Born sixteen years ago, Boniface Andae is a class eight drop out. A young innocent boy never knew that one sunny day, he'll be roaming in the outskirts of Nairobi pleading for sympathy from serious guys chasing their dreams.

However, he had no option but to do it. His father, a man who has the mandate to offer protection to his blood son is a super drunkard. His mother separated with her husband, Boniface's father, and re-married. 

He shows me a small carton which he calls a bed and a home. In school, he tells me, he was the best in drawing. He has won a number of awards after competing with his classmates. Teachers and sponsors gave him pipe promises which was never to be.

"God might have made me be this way but he blessed me with a gift. The gift of drawing. I know one day he'll bless me and make my name shine as a result of art."

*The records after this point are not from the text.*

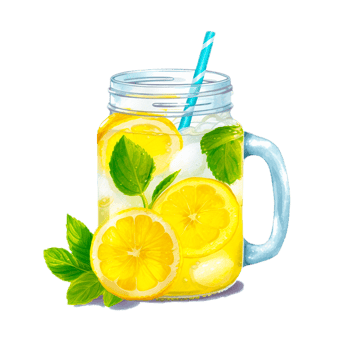 AI generative lemon water png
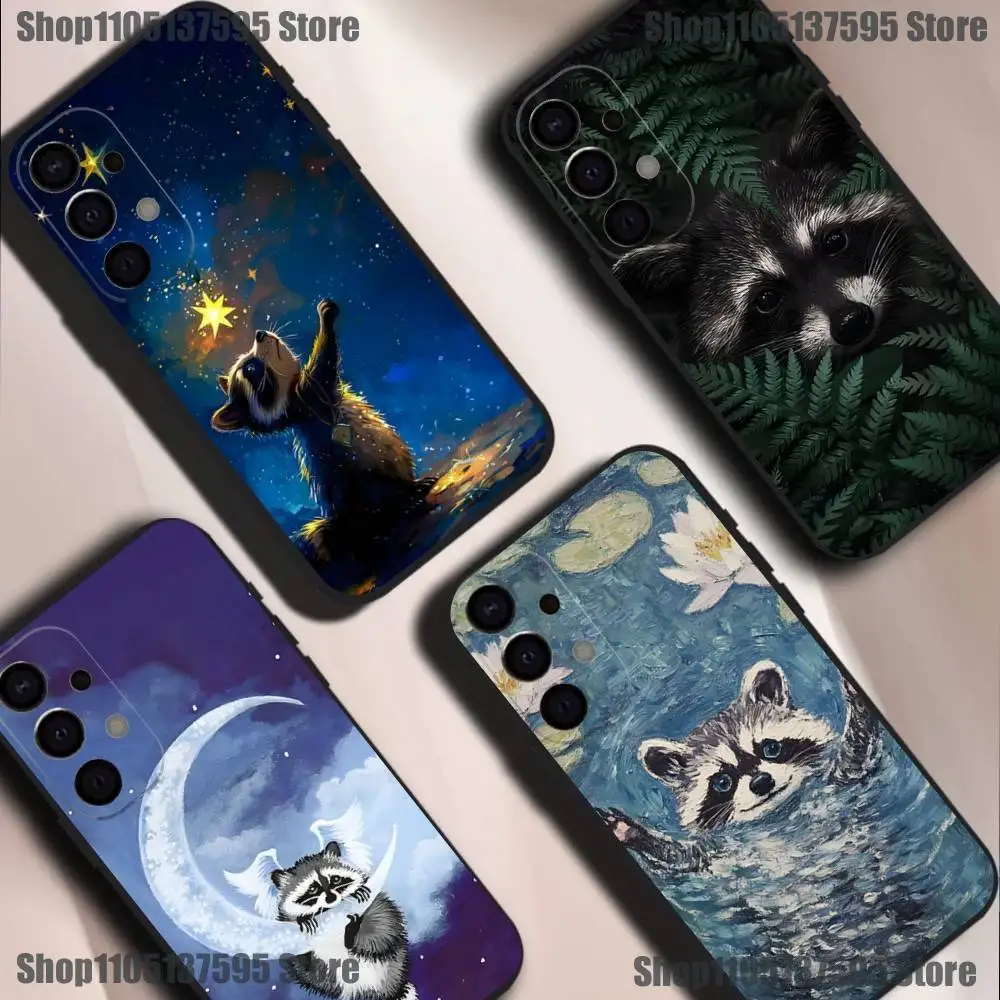 เคสโทรศัพท์ลายแรคคูนน่ารัก สำหรับ Samsung S25,S24,S21,S22,S23,S30,Ultra,S20,Plus,Fe,Lite,5G สีดำ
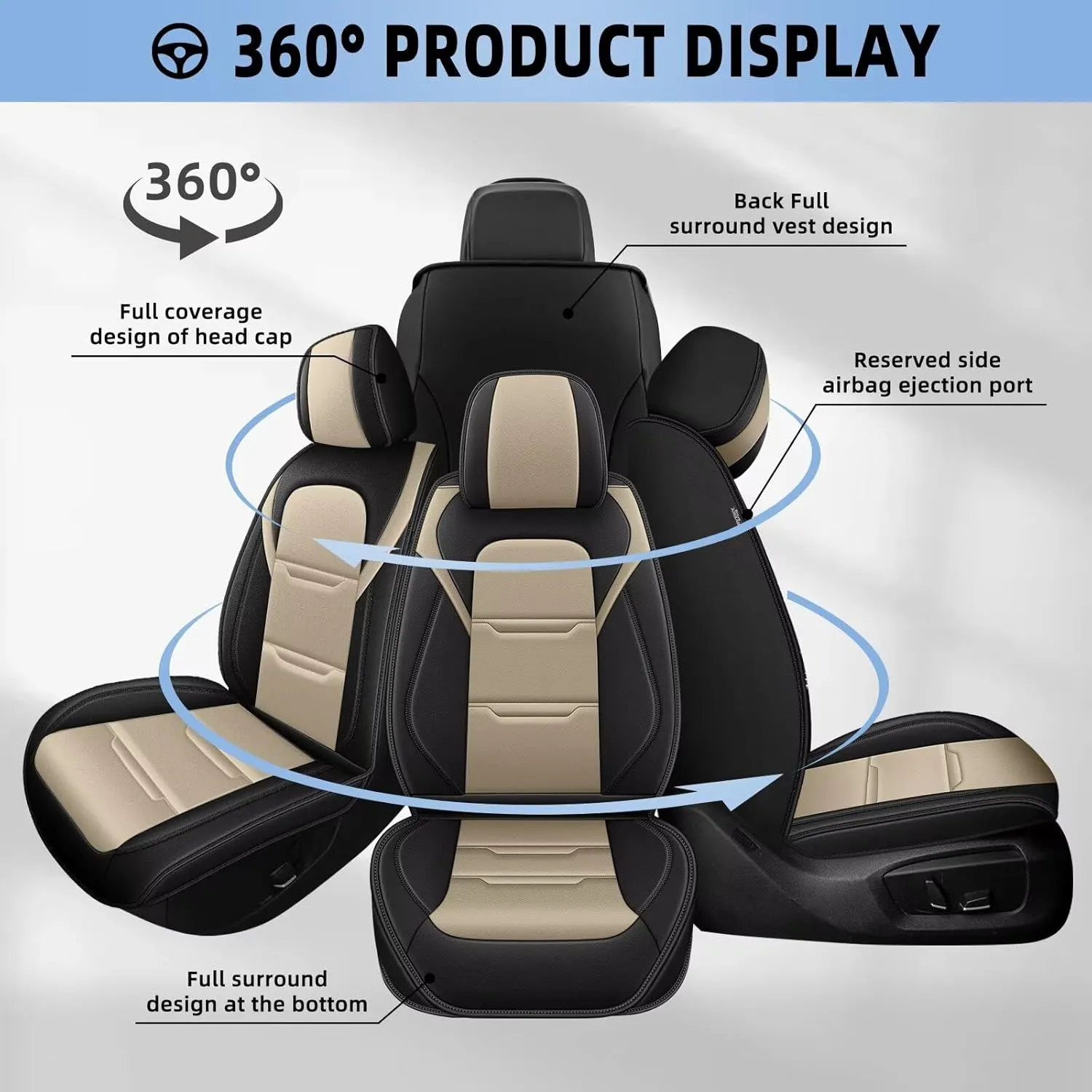 YORKNEIC 2 Front Car Seat Covers for Jeep Wrangler 2007-2024 2025 Faux Leather Waterproof Seat Covers Automotive Seat Protectors Cushions with Airbag Compatible(2 Front Seat,Black&Beige)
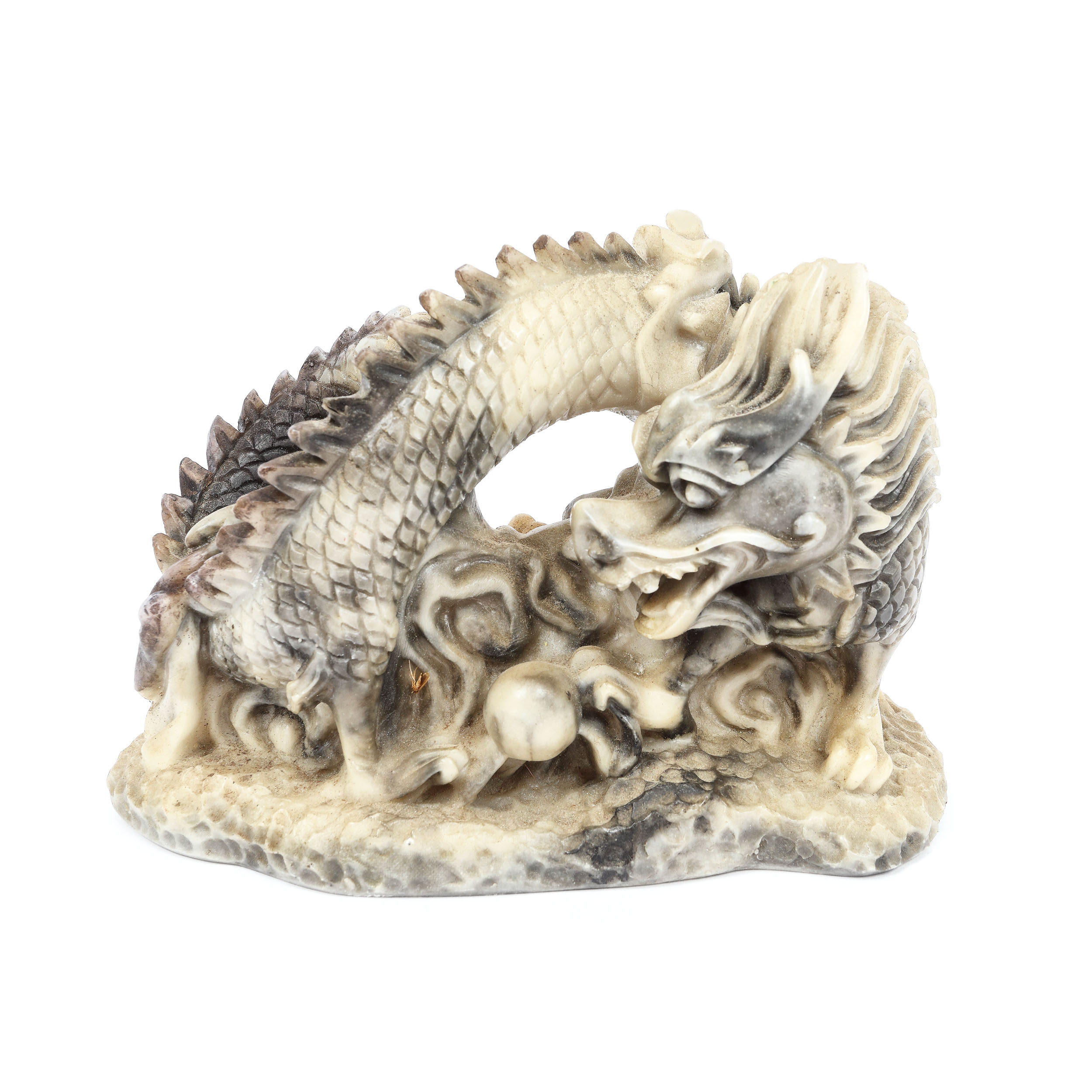 Dragon sculptat în steatit, perioada Qing, China, sec. XIX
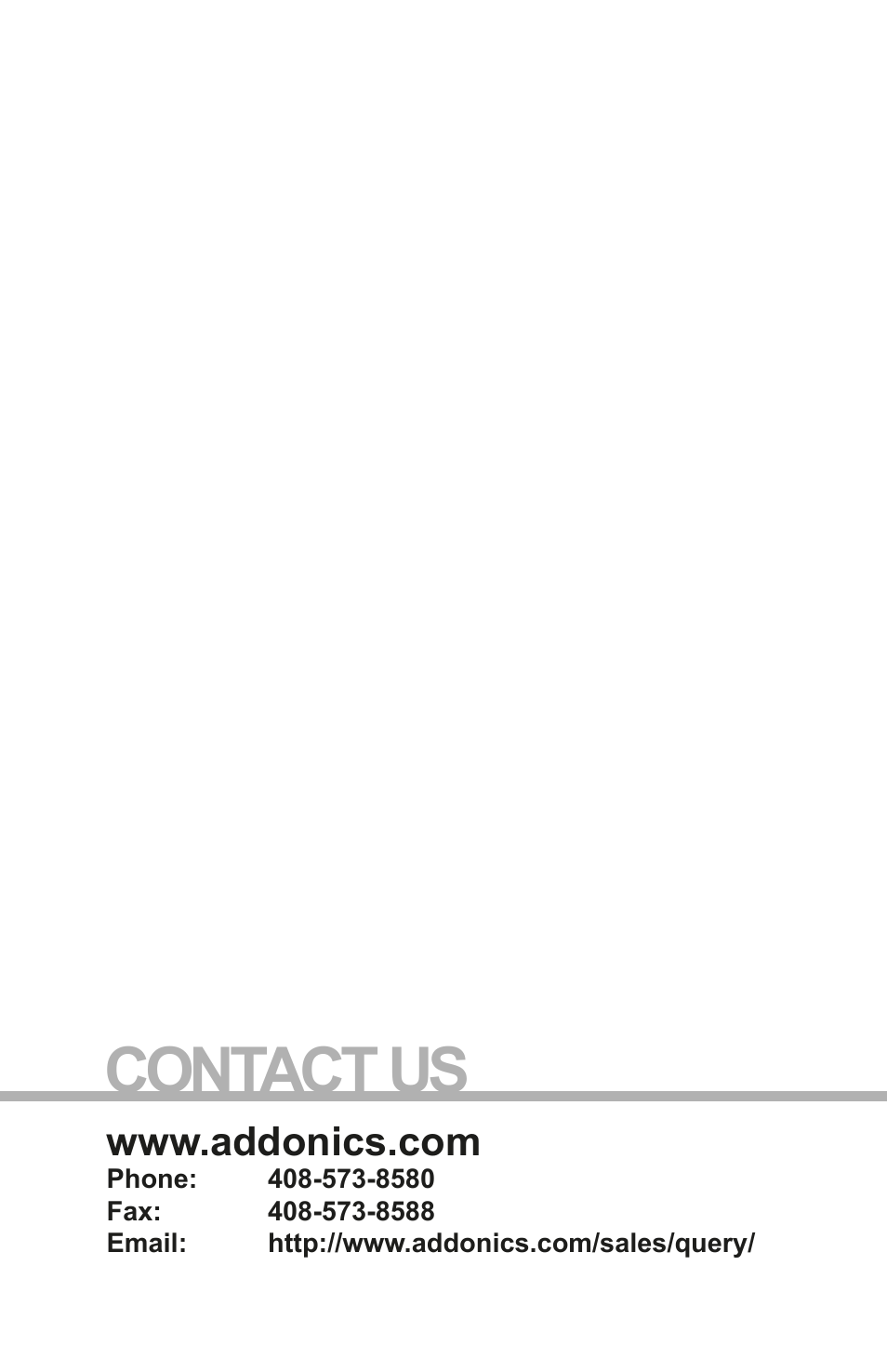Contact us | Addonics Technologies POCKET ULTRA DIGIDRIVE AEPUDDSA9 User Manual | Page 4 / 4
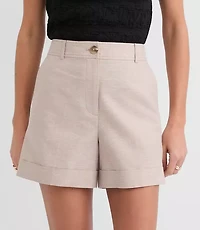 Petite Cuffed Shorts Shimmer Linen Cotton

Boniface sat for his KCPE exam last year and scored 258 marks out of 500. He was happy to pass his exams and maybe his father would be wise enough to hustle and help a hand in making his dream 
become a reality.

Sadly, he chose the bottle over his on blood. Today, Boniface is one of the toddlers you meet on the streets thanks to his parents.

They said when you go to Rome, do what the Romans do. He found himself walking without shoes. He started emulating his colleagues so as to get something from people he don't know.

To him, anywhere is home so long as darkness finds him there. As long as he gets somewhere to lay his back and close his eyes even if it's for some minutes. Every night as he looks at the stars, since he doesn't sleep under a roof, he wishes. A wish, he tells me, will one day become a reality and he'll be able to conquer the world and be the best of the best.

Caroline Obuya, a Nairobi resident, tells me that she usually dashes out something small when she has something. Sometimes she decides to just pass the ever increasing kids who are supposed to gain knowledge somewhere in a classroom.

What worries many people, I included, is that such young kids engage themselves in drugs. The most used drug in their drugs toolbox is the glue.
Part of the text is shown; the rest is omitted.